■ Required action: Would you please reproduce all the entries word for word, minus the pictures?

(Given information begins)

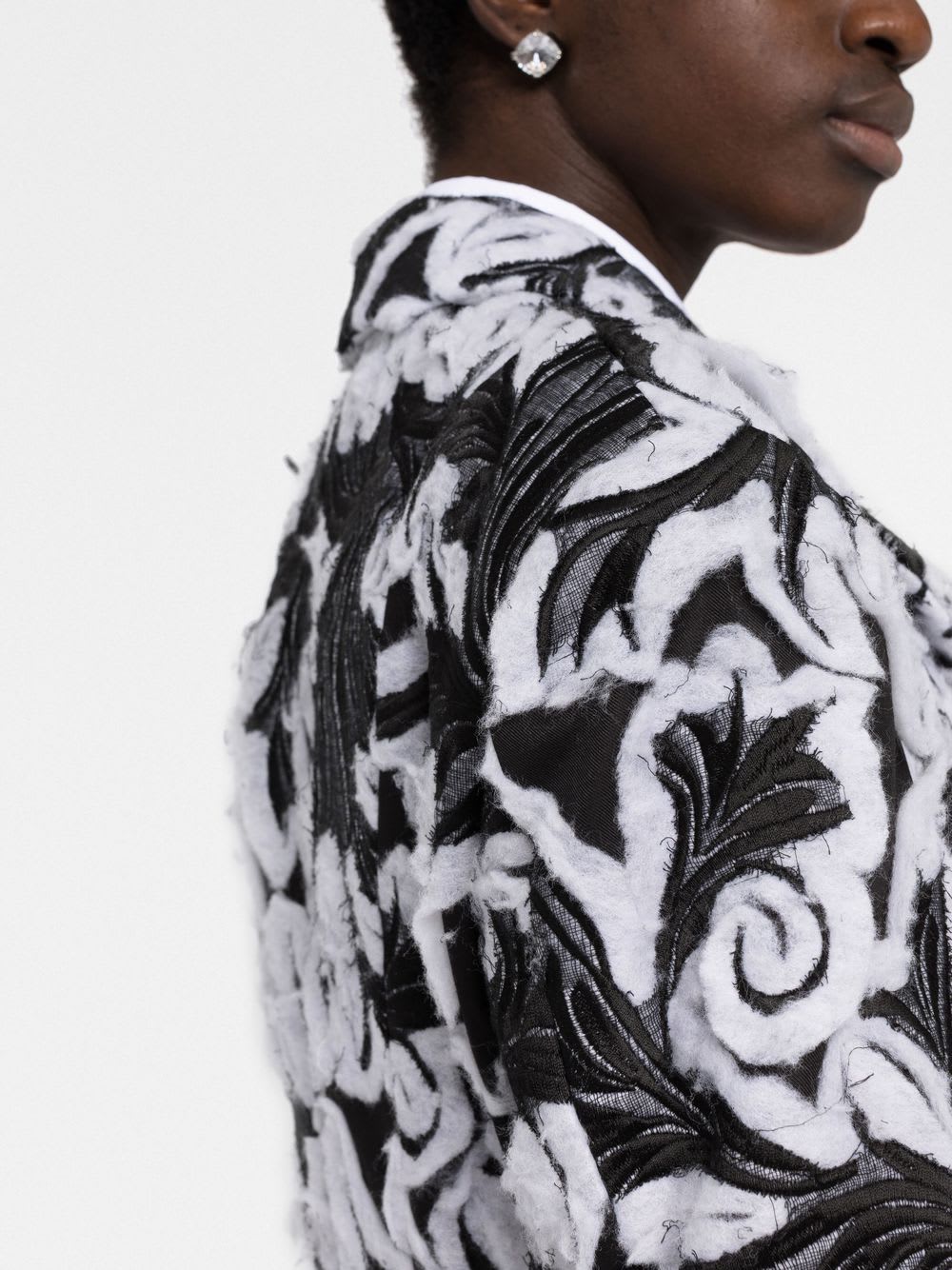 Comme Des Garçons Double-breasted Damask Coat In Black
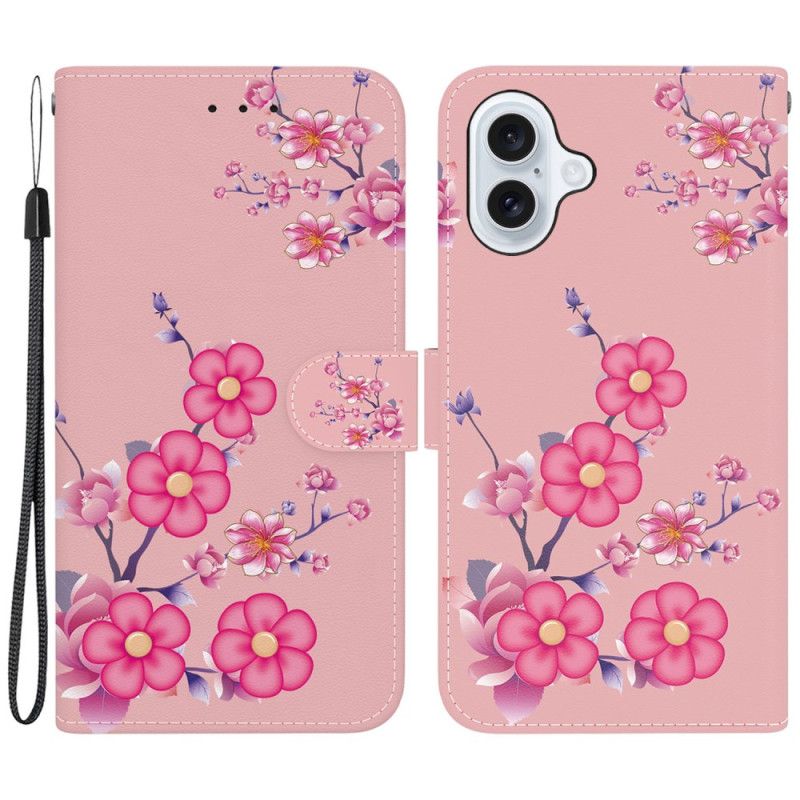 Folio-hoesje iPhone 16 Telefoonhoesje Sakura-band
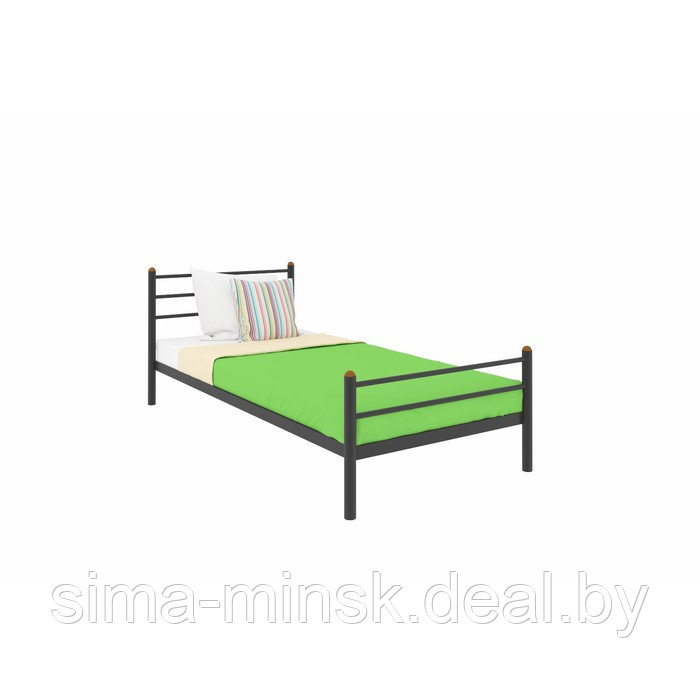 Кровать «Милана Мини Плюс», 800 × 2000 мм, металл, цвет чёрный - фото 1 - id-p174492599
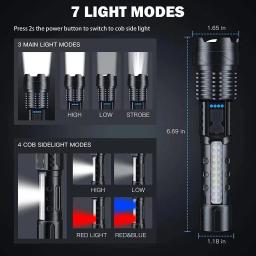 Lanterna LED recarregável super brilhante, 10000 High Lumen Zoom, poderosa luz da tocha, USB-C Long Range, lanterna LED XHP50 - Image 3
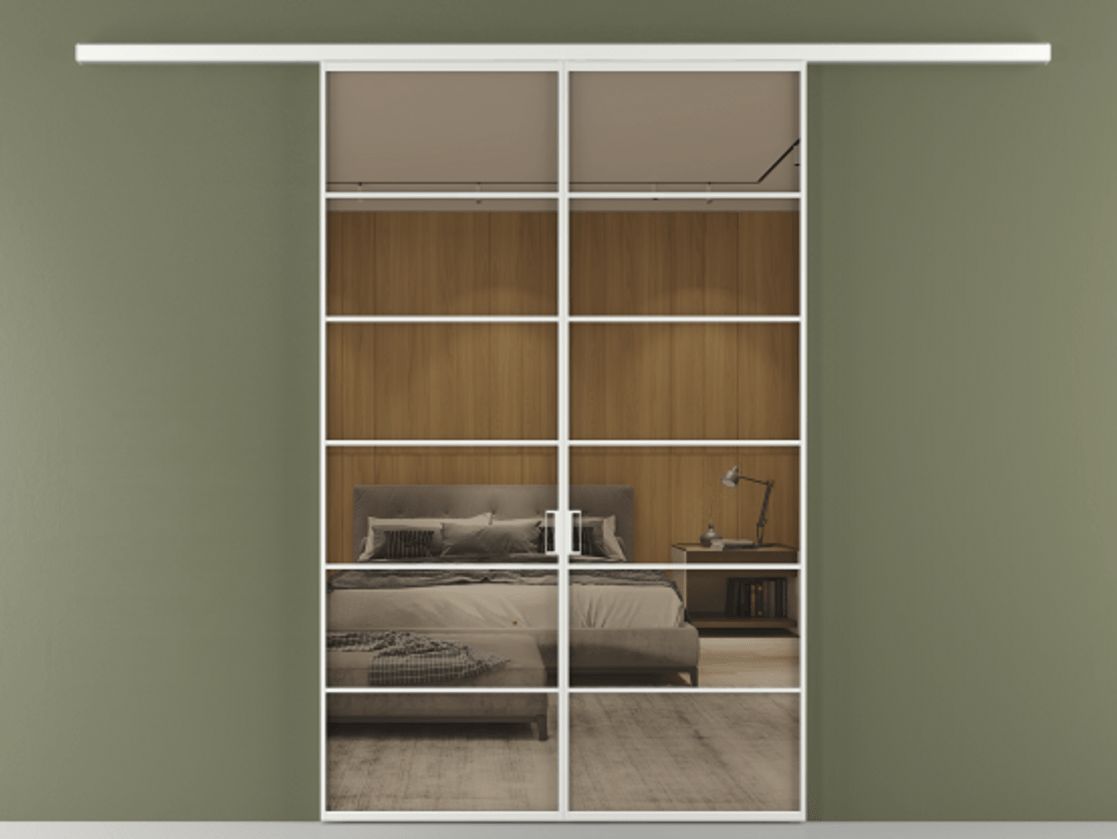 Перегородка Формато вдоль стены 2 створки АЛПР 040.04 Алюминий белоснежный Рефлективное бронзовое стекло "Стопсол", калёное Цена 13790 AZE | Volhovec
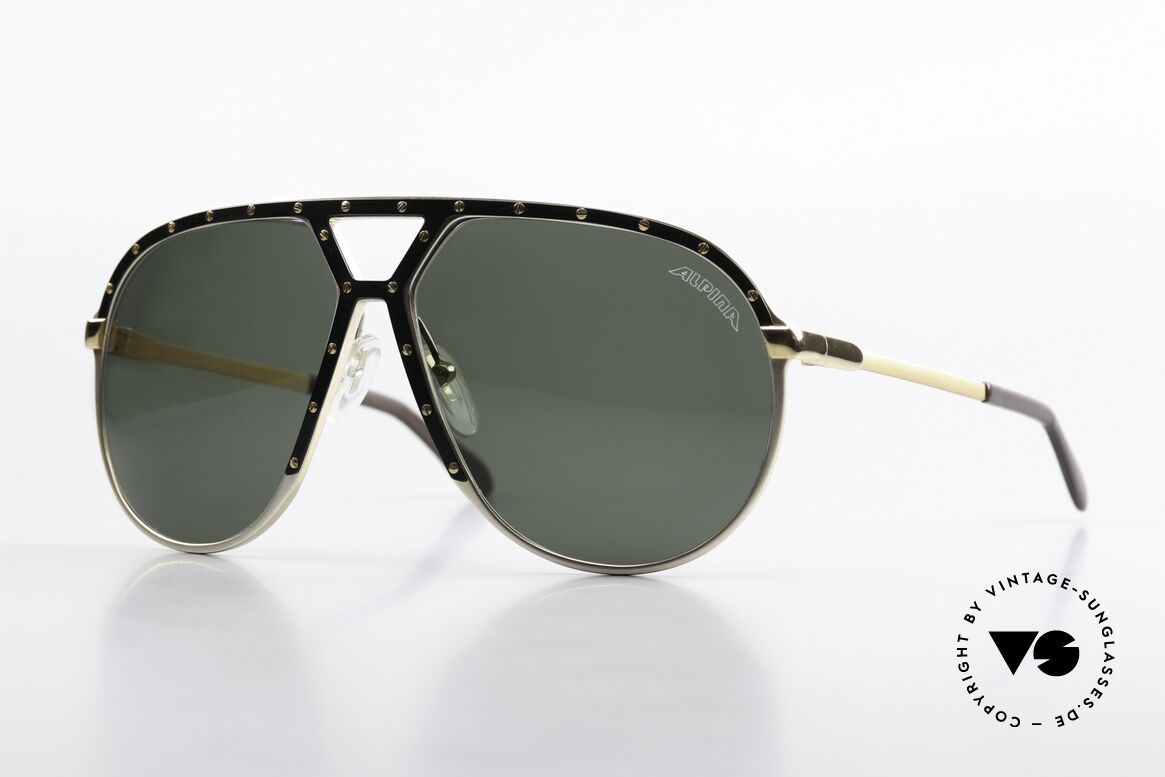 Alpina M1 Gold Black Gold Version, Alpina M1 West Germany sunglasses from 1986, Made for Men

(Given information ends)

■ Reply:
 Comme Des Garçons Double-breasted Damask Coat In Black
 Folio-hoesje iPhone 16 Telefoonhoesje Sakura-band
 Кровать «Милана Мини Плюс», 800 × 2000 мм, металл, цвет чёрный - фото 1 - id-p174492599
 Lanterna LED recarregável super brilhante, 10000 High Lumen Zoom, poderosa luz da tocha, USB-C Long Range, lanterna LED XHP50 - Image 3
 Перегородка Формато вдоль стены 2 створки АЛПР 040.04 Алюминий белоснежный Рефлективное бронзовое стекло "Стопсол", калёное Цена 13790 AZE | Volhovec
 Alpina M1 Gold Black Gold Version, Alpina M1 West Germany sunglasses from 1986, Made for Men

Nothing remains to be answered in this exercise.